Grandes cultures
Les céréaliers dans l’incertitude pour 2023
Dans une conférence de presse, organisée à Paris le 25 janvier, les dirigeants de l’Association générale des producteurs de blé (AGPB) ont fait part de leurs nombreuses inquiétudes sur des sujets notamment techniques et politiques qui les pénalisent au quotidien.
Dans une conférence de presse, organisée à Paris le 25 janvier, les dirigeants de l’Association générale des producteurs de blé (AGPB) ont fait part de leurs nombreuses inquiétudes sur des sujets notamment techniques et politiques qui les pénalisent au quotidien.
Tirant un rapide bilan de l’année 2022, Philippe Heusèle, secrétaire général de l’AGPB, a expliqué qu’elle avait été «hors-norme», le conflit russo-ukrainien, la canicule, la sécheresse et la hausse des prix de l’énergie ayant beaucoup contribué à ce climat tendu. L’année 2023 s’annonce tout aussi crispante pour les producteurs de céréales à paille qui craignent un effet ciseau, c’est-à-dire la conjugaison de la chute des cours des céréales, notamment du blé et la hausse des coûts de production.
Une récente étude d’Arvalis, parue en décembre estime que ces derniers pourraient croître de 380 à 580 € supplémentaires par hectare par rapport à 2022, pour atteindre 2 300 à 2 500 € par hectare. Et cela, quand bien même le prix des engrais amorce déjà une décroissance. Tous les autres postes (mécanisation, semences, carburant…) sont en hausse. «Pour un rendement de blé tendre à 8 t/ha, il faut s’attendre à un coût de production compris entre 287 € et 312 €/t.
Si l’on retire 27 €/t d’aides Pac il oscille entre 260 €/t et 285 €/t.
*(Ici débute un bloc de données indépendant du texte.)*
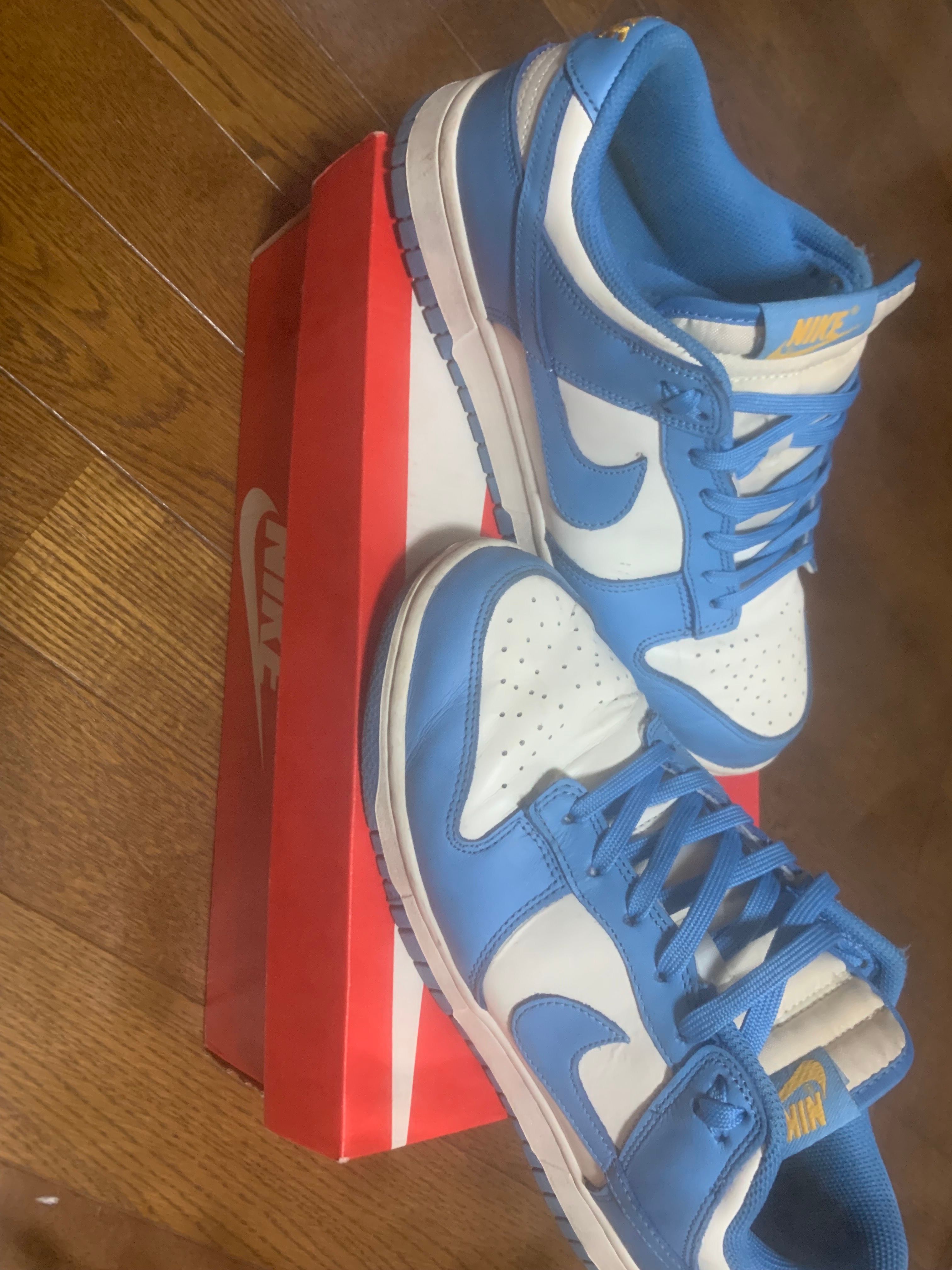 Nike Women's Dunk Low "Coast"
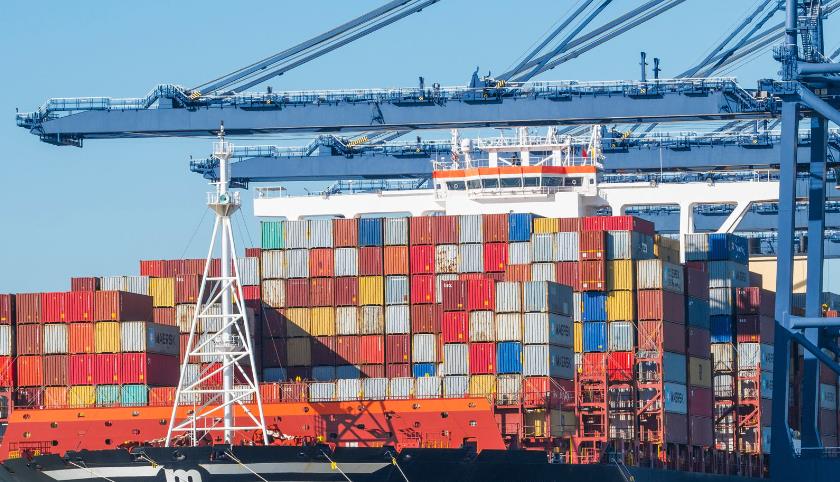 物流貨運(yùn)代理公司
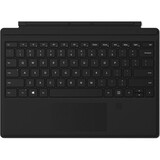 Microsoft Surface ProType Cover schwarz Microsoft Surface ProType Cover schwarz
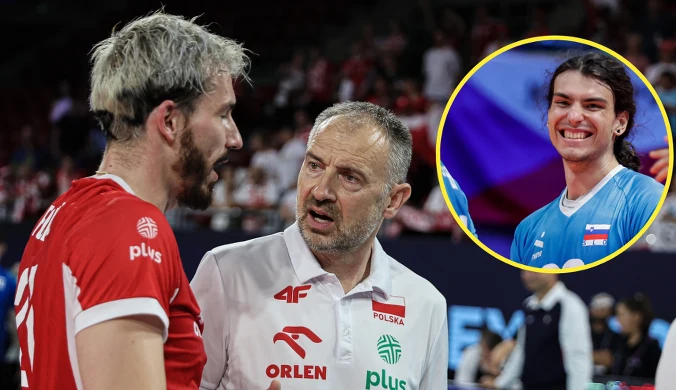 Wygrana Włochów ma konsekwencje dla Polski. Grbić musi być na to gotowy
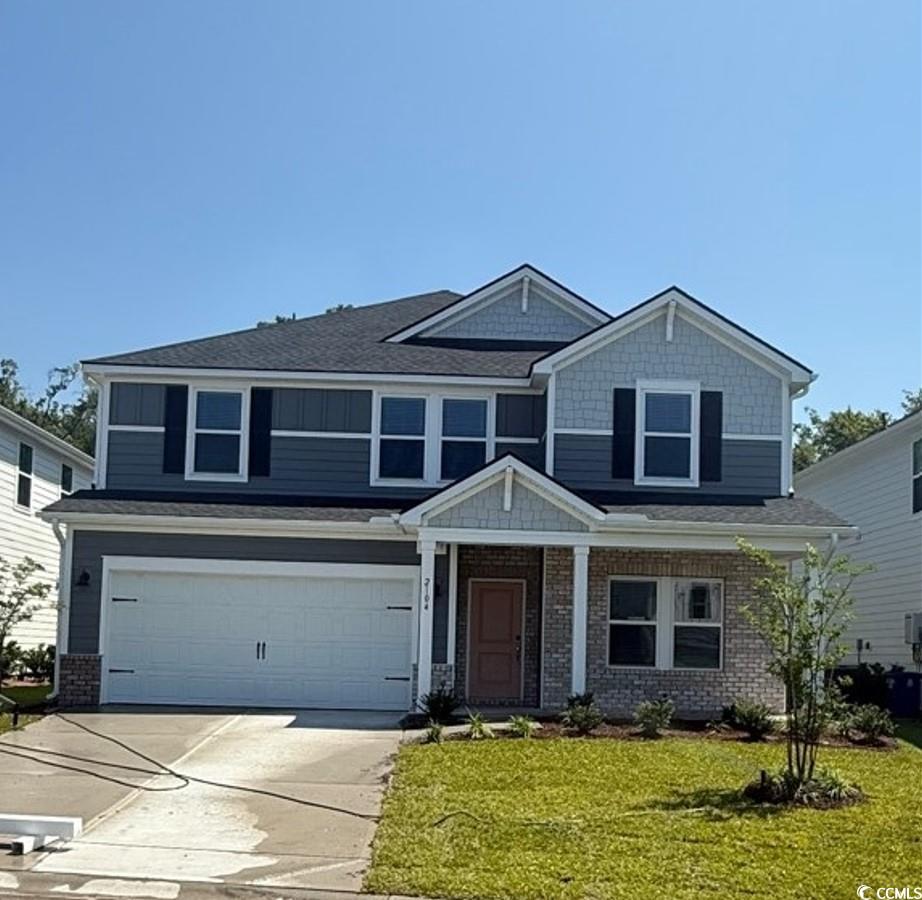 3700 Tranquility Loop, Longs, South Carolina image 1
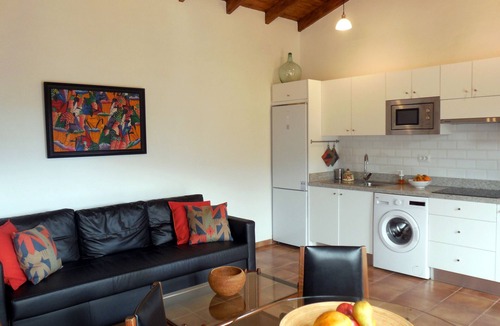 Hermigua House | Cosy holiday cottage in Hermigua with amazing views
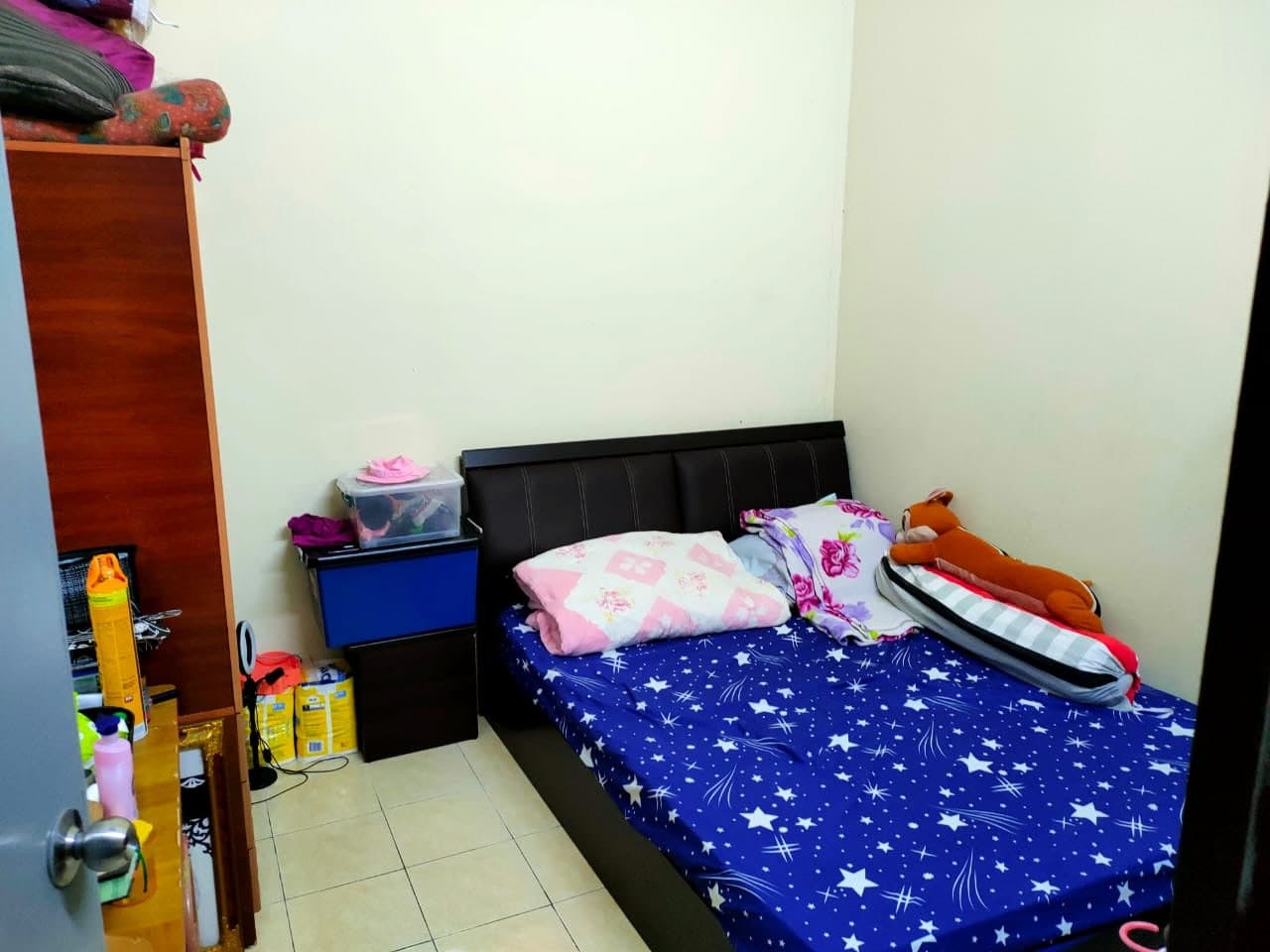 FREEHOLD Single Storey Taman Perepat Permai - photo 4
Or, le prix payé au départ de la ferme n’excède pas 250 €-255 €/t», a développé Éric Thirouin, président de l’AGPB. «Aujourd’hui, les niveaux des cours ne couvrent plus le prix de production», a-t-il ajouté. Ce qui sous-entend que les revenus des céréaliers devraient se contracter.
Pac et éco-régime
Cette inquiétude se double d’une irritation à l’encontre de l’administration française et d’une colère non feinte à l’égard des ONG environnementales. Ayant saisi en août dernier le ministère de l’Agriculture pour qu’il lui apporte une définition précise de la culture de printemps éligible à l’éco-régime de la Pac 2023-2027 (BCAE 7), l’AGPB n’a obtenu une réponse que le… 25 janvier. L’enjeu était la définition de la date pivot pour accéder à cet éco-régime. Elle est fixée au 1er janvier 2023. «On ne change rien», a ironisé Éric Thirouin pour qui cette décision semble incompréhensible car en raison du réchauffement climatique, les agriculteurs sèment les orges de printemps plus tôt, en novembre ou décembre. «C’est une approche administrative pour rendre service aux contrôleurs Pac», s’est-il énervé.
«Dogmatisme»
La colère est montée d’un cran quand il a évoqué le sort réservé à la certification Haute valeur environnementale (HVE) déférée devant le Conseil d’État par «ceux-là mêmes qui avaient pris part à sa mise en place en 2012», notamment France nature environnement (FNE) et la Ligue protectrice des oiseaux (LPO). «De plus, la HVE avait été durcie en octobre dernier au sein de la Commission nationale de la certification environnementale (CNCE) à laquelle ces associations prennent part.» «Les bras m’en tombent», a-t-il avoué ne «s’expliquant pas cette démarche stérile».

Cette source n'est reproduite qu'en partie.